A few ideas:

- one of the dangers is that flavours may be damageable... so the general practice would be that, unless we're in a de-sandboxed region (anything else than file://?) all flavours should be sanitized (e.g. no scripting, no relative reference, no embedding, except for pack- embedded data, no remote calls)

- another danger is that the clipboard should not be read without the user knowing, I would recommend, as Safari does, to only allow the standard gestures within the user-agent to be triggering clipboard operations which in turn, offer access to the clipboard.

To my knowledge, this is enough for a model that can be trusted to the users.

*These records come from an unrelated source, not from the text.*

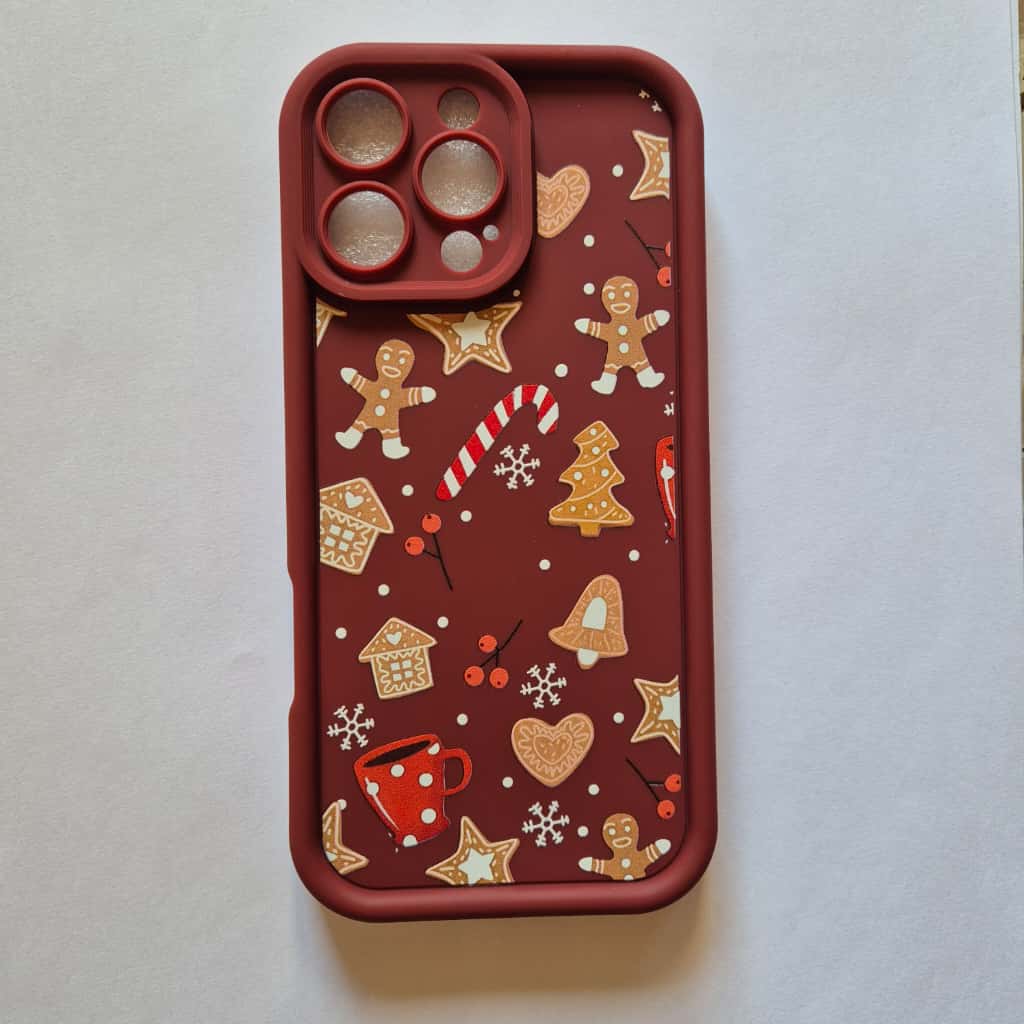 Burgundy Christmas cookie pattern - phone case - The Barcode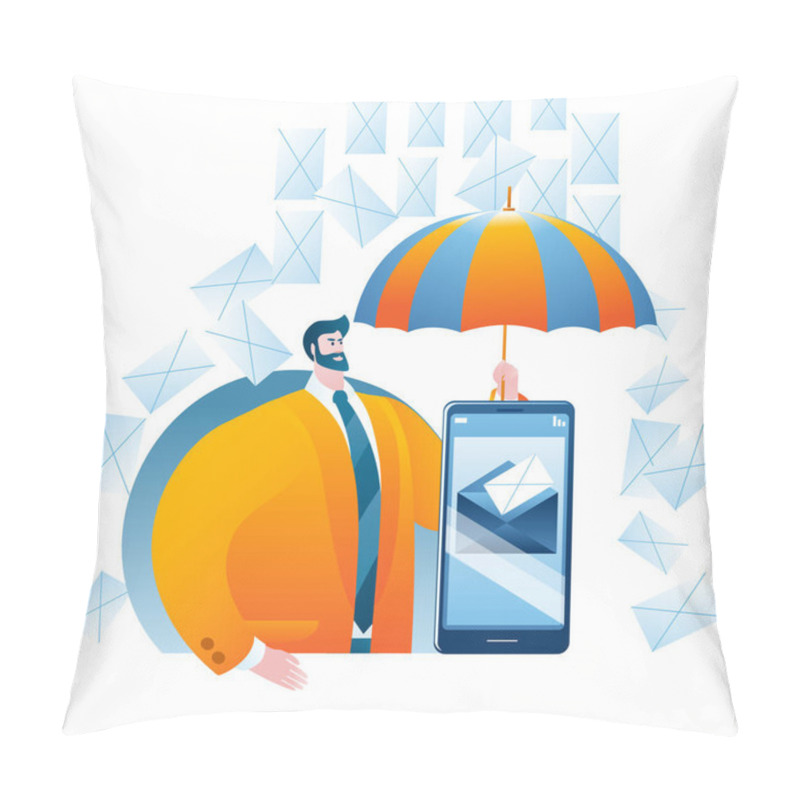 Personality  The Man With The Umbrella Protects The Mail Server On The Smartphone From Spam. Pillow Covers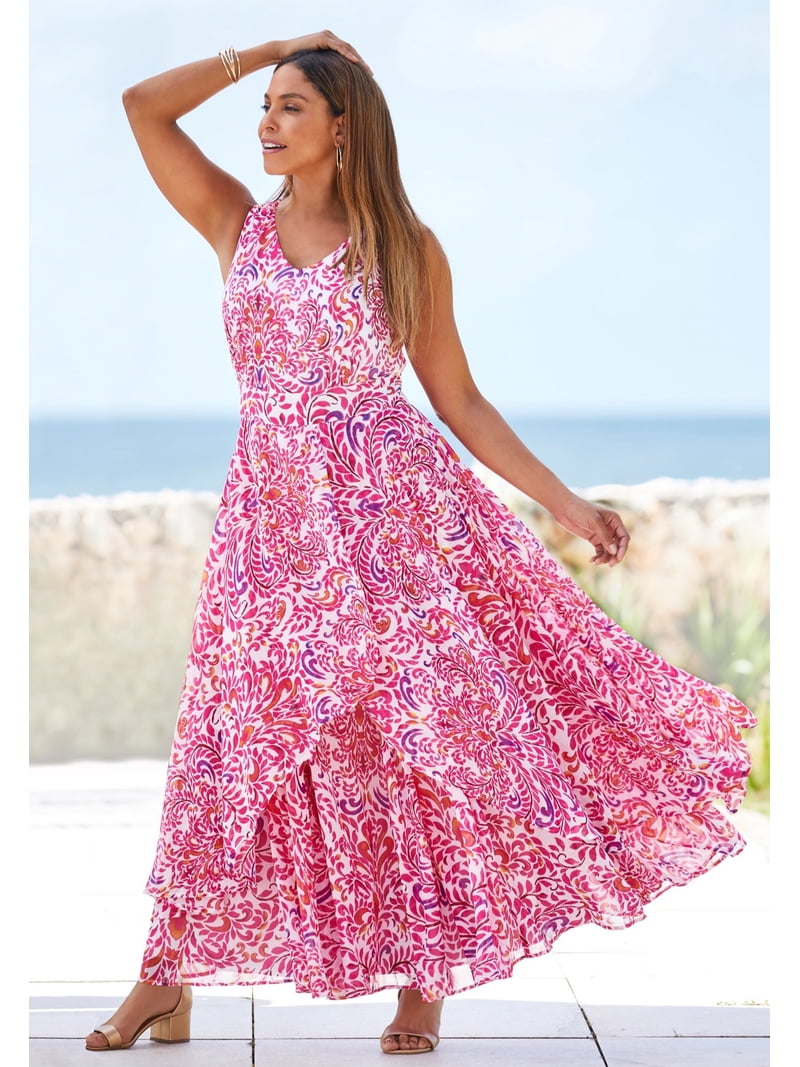 jessica london flyaway maxi dress Jessica London Women's Plus Size Georgette Flyaway Maxi Dress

I am not very comfortable with the suggestions of trust-level that João Eiras suggests (having played with them in MSIE always prompts the unknowledgeable user to boost things a bit more in case something doesn't work which I find a catastrophic attitude) although I fully agree that we are here talking of either the central user clipboard and or the content of a drag-and-drop feature (i.e. we are talking of acting with external applications as well).

paul




Le 09-mars-09 à 02:36, Web Applications Working Group Issue Tracker a écrit :
ISSUE-85 (clipops security practice): What are common sucrity practices for Clipboard APIs? [Clipboard Operations]

http://www.w3.org/2008/webapps/track/issues/85

Raised by: Charles McCathieNevile
On product: Clipboard Operations

What are the common security restrictions and considerations that should be listed in the clipboard apis spec?